=== Exercise input ===

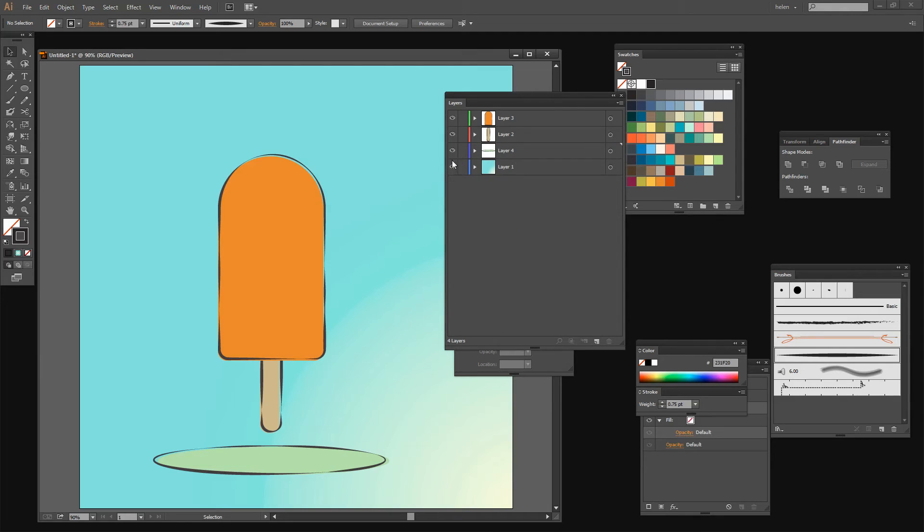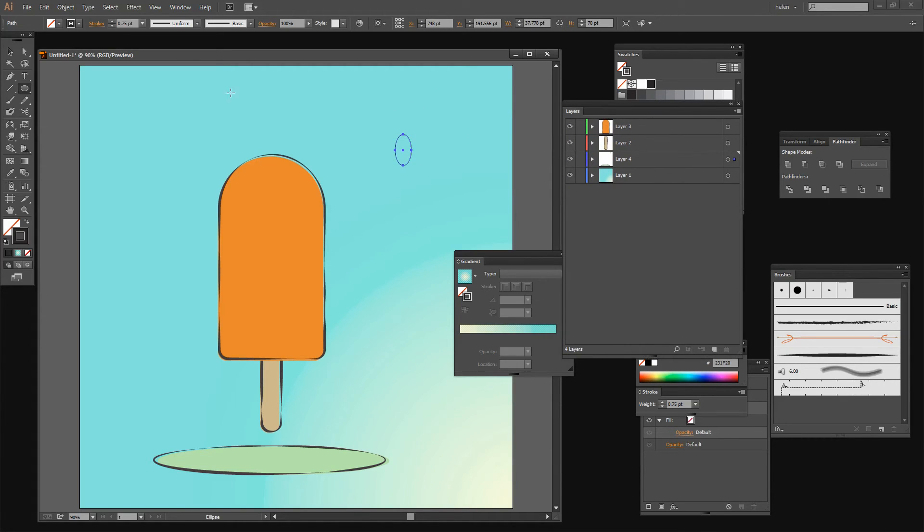In addition to the ice cream I had a drip coming from the ice cream, so let's create that. Again that's an ellipse — I'm just going to drag out a narrow ellipse. To make it into a drip I'm going to target the direct selection tool, click on the topmost point and convert it — that makes it into more of a drip shape. Then I can reshape it as desired. This is going to be the shape itself, so I need to make a duplicate of it — Edit Copy, Edit Paste in Place.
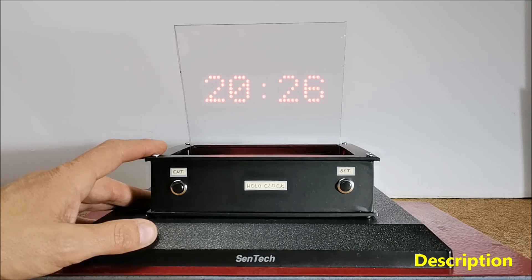For the light source I use a very simple to build matrix clock, which is actually a modified version of one of my previous projects entitled Arduino Nano Mini LED Matrix Clock, where I modified the original code to get a mirror image.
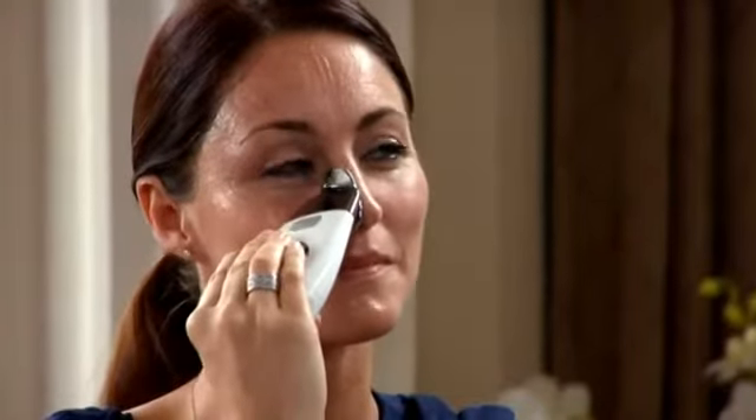Next we're going to target the area under the eye. Take the instrument and move down the side of your nose, hold for a couple of moments, and then move outward to the middle of the cheekbone, and then back. Repeat that movement several times, keeping it right under the eye — not too low. That takes care of the appearance of puffiness and dark circles under the eye area.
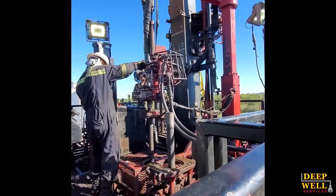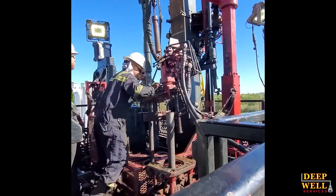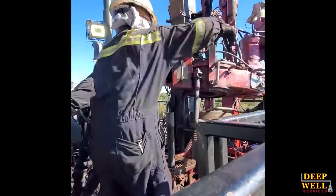Once the tubing swivel is broken free, we can pick it up with the winch, bring it over to the joint in the mouse hole slips, and begin making it up.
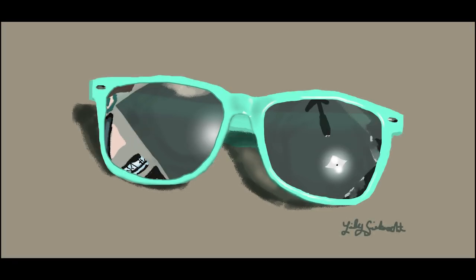Hey everybody, it's Lily and I'm finally going to be talking about this mouse drawing stuff that I did. The idea was that I was going to do 30 different drawings in 30 days using a computer mouse to see my progress and to see how I improved, and it was kind of really tricky.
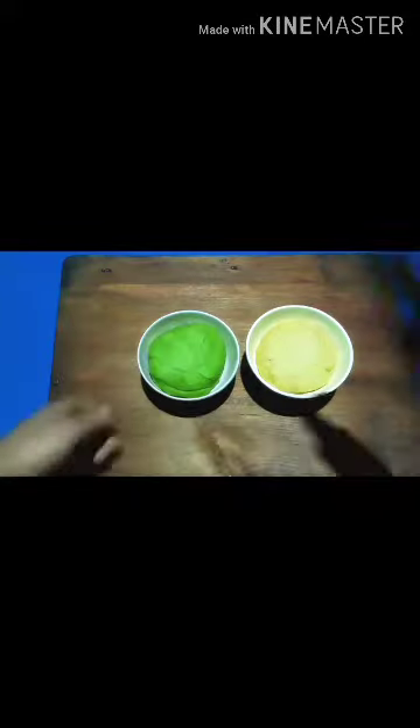Now our dough is ready. Cover it and let it rest for one hour for softness. Do the same process with the other dough. Once both doughs are ready, we can roll them.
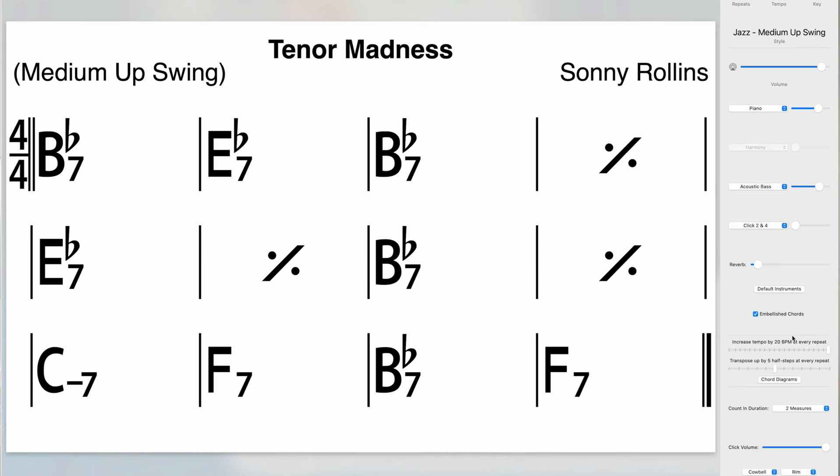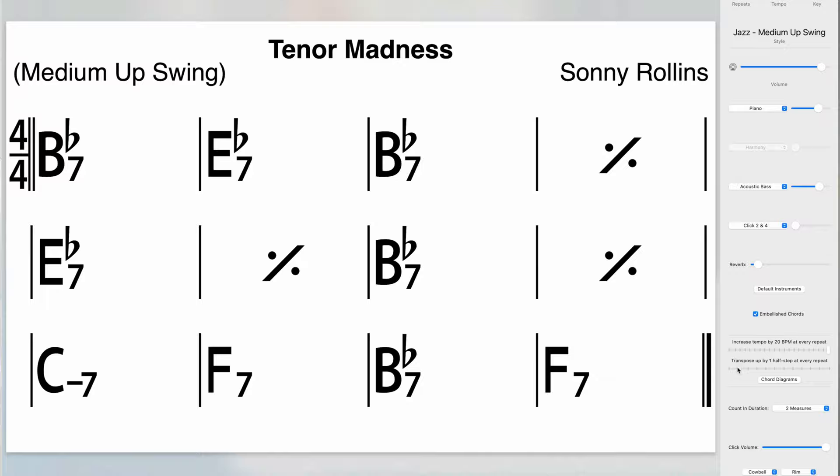On the screen now you should be able to see a little way in which you can do that, and that makes it really useful when you're practicing progressions that need to be done in all 12 keys — like jazz blues, rhythm changes, things like that.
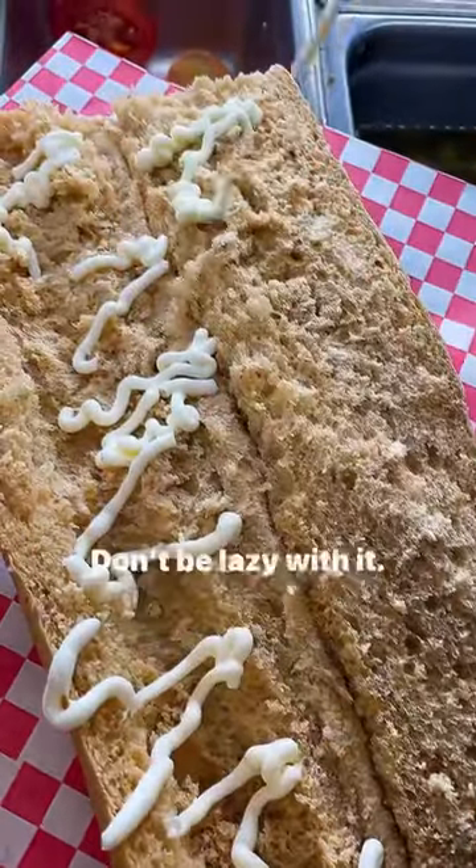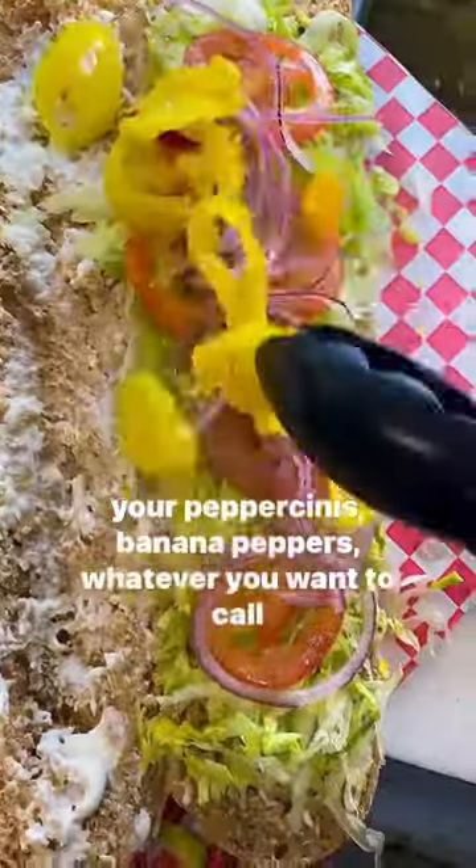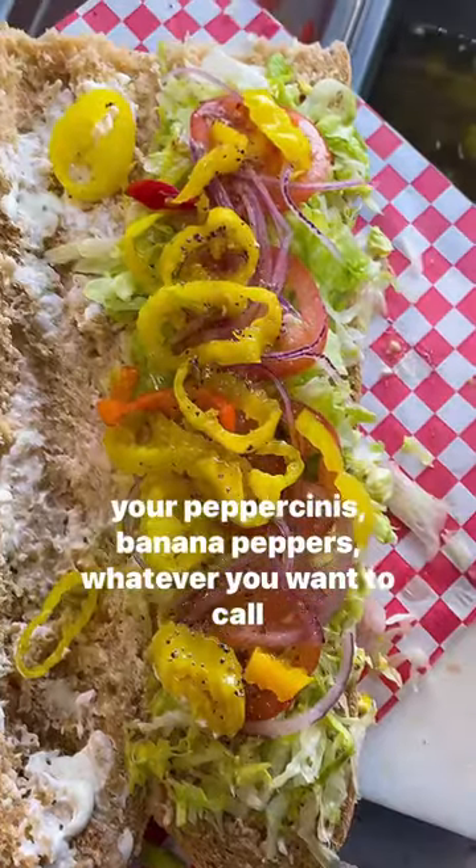Now we got to go ahead and put our mayo. Make sure you spread it all over the bread — don't be lazy with it. Now add your lettuce, your tomatoes, your red onions, and your pepperoncini, banana peppers, whatever you want to call it.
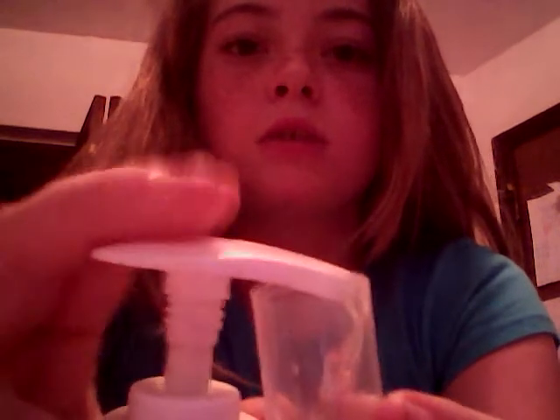First thing you're going to do is, with your first liquid — whatever kind you want to use — you're going to pump two things. Two pumps. Set that one down.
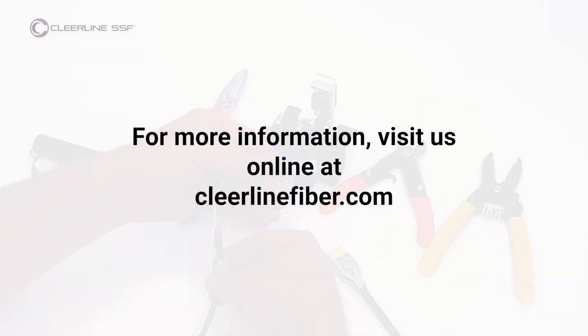For more information, visit us online at clearlinefiber.com.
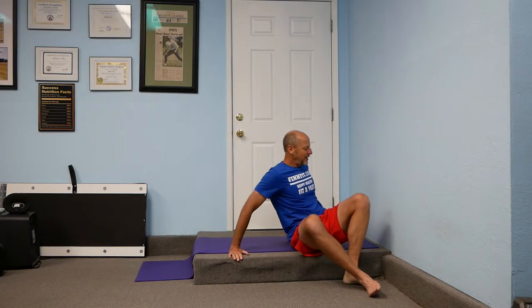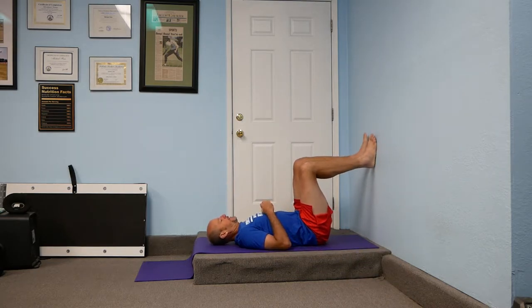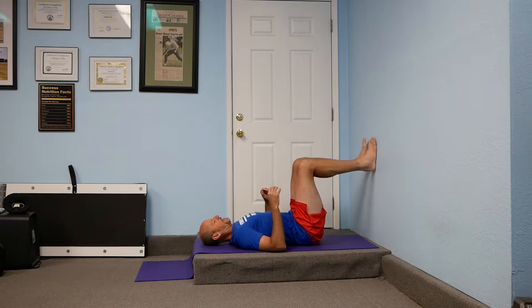Hello, I'm Michael Finn, holistic exercise and lifestyle coach. Today this is going to be the short version of what I call my figure four hip stretch with the foot against the wall. We're going to be on the floor on our back, feet up on the wall, and the knee should be about 90 degrees.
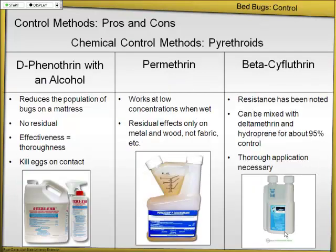Finally, insecticides. There's SteriFab, which you can apply directly to mattresses — effectiveness equals thoroughness, so if you can directly apply the chemical to bugs and eggs, it'll work, but it has no residual property. Permethrin and betacyfluthrin are both pyrethroid insecticides — bedbugs have demonstrated resistance to both. In one study, mixing betacyfluthrin with deltamethrin (another pyrethroid) and hydroprene (an insect growth regulator) achieved 95% control, even in a room with a lot of clutter. So maybe that combination is an option.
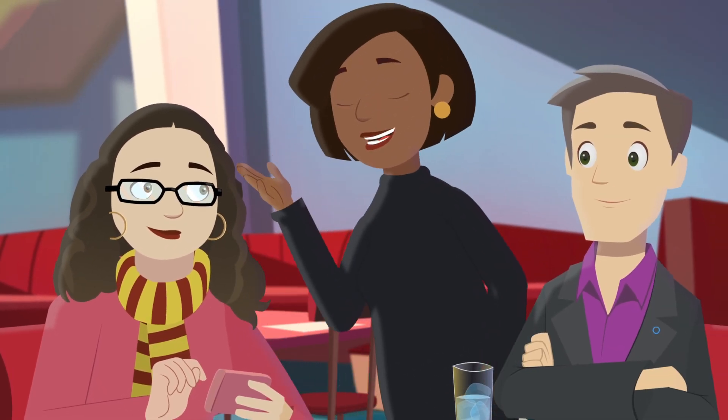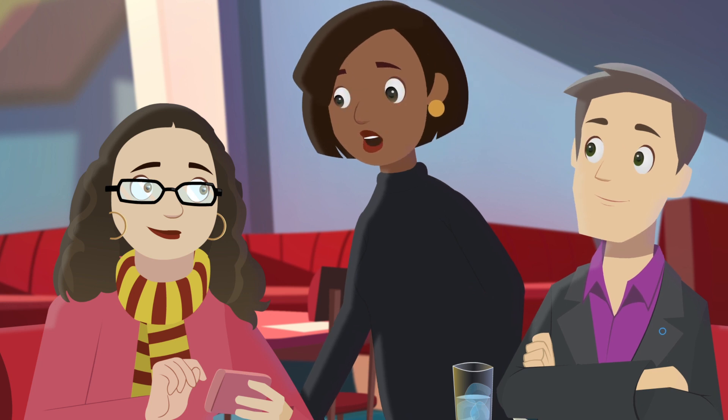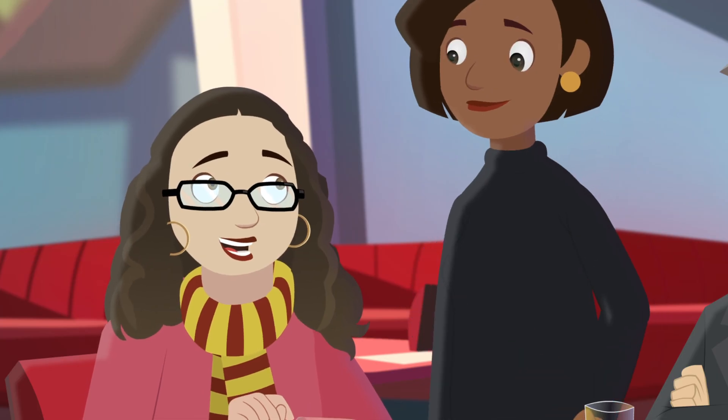Hey guys, one other thing — if you want to keep things hush-hush while waiting for your sensor to recover, just select alert silence in your pump.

===

Retype the data above exactly, dropping every picture.

● Expected answer:
In addition to the ice cream I had a drip coming from the ice cream, so let's create that. Again that's an ellipse — I'm just going to drag out a narrow ellipse. To make it into a drip I'm going to target the direct selection tool, click on the topmost point and convert it — that makes it into more of a drip shape. Then I can reshape it as desired. This is going to be the shape itself, so I need to make a duplicate of it — Edit Copy, Edit Paste in Place.
For the light source I use a very simple to build matrix clock, which is actually a modified version of one of my previous projects entitled Arduino Nano Mini LED Matrix Clock, where I modified the original code to get a mirror image.
Next we're going to target the area under the eye. Take the instrument and move down the side of your nose, hold for a couple of moments, and then move outward to the middle of the cheekbone, and then back. Repeat that movement several times, keeping it right under the eye — not too low. That takes care of the appearance of puffiness and dark circles under the eye area.
Once the tubing swivel is broken free, we can pick it up with the winch, bring it over to the joint in the mouse hole slips, and begin making it up.
Hey everybody, it's Lily and I'm finally going to be talking about this mouse drawing stuff that I did. The idea was that I was going to do 30 different drawings in 30 days using a computer mouse to see my progress and to see how I improved, and it was kind of really tricky.
Now our dough is ready. Cover it and let it rest for one hour for softness. Do the same process with the other dough. Once both doughs are ready, we can roll them.
On the screen now you should be able to see a little way in which you can do that, and that makes it really useful when you're practicing progressions that need to be done in all 12 keys — like jazz blues, rhythm changes, things like that.
Now we got to go ahead and put our mayo. Make sure you spread it all over the bread — don't be lazy with it. Now add your lettuce, your tomatoes, your red onions, and your pepperoncini, banana peppers, whatever you want to call it.
First thing you're going to do is, with your first liquid — whatever kind you want to use — you're going to pump two things. Two pumps. Set that one down.
For more information, visit us online at clearlinefiber.com.
Hello, I'm Michael Finn, holistic exercise and lifestyle coach. Today this is going to be the short version of what I call my figure four hip stretch with the foot against the wall. We're going to be on the floor on our back, feet up on the wall, and the knee should be about 90 degrees.
Finally, insecticides. There's SteriFab, which you can apply directly to mattresses — effectiveness equals thoroughness, so if you can directly apply the chemical to bugs and eggs, it'll work, but it has no residual property. Permethrin and betacyfluthrin are both pyrethroid insecticides — bedbugs have demonstrated resistance to both. In one study, mixing betacyfluthrin with deltamethrin (another pyrethroid) and hydroprene (an insect growth regulator) achieved 95% control, even in a room with a lot of clutter. So maybe that combination is an option.
Hey guys, one other thing — if you want to keep things hush-hush while waiting for your sensor to recover, just select alert silence in your pump.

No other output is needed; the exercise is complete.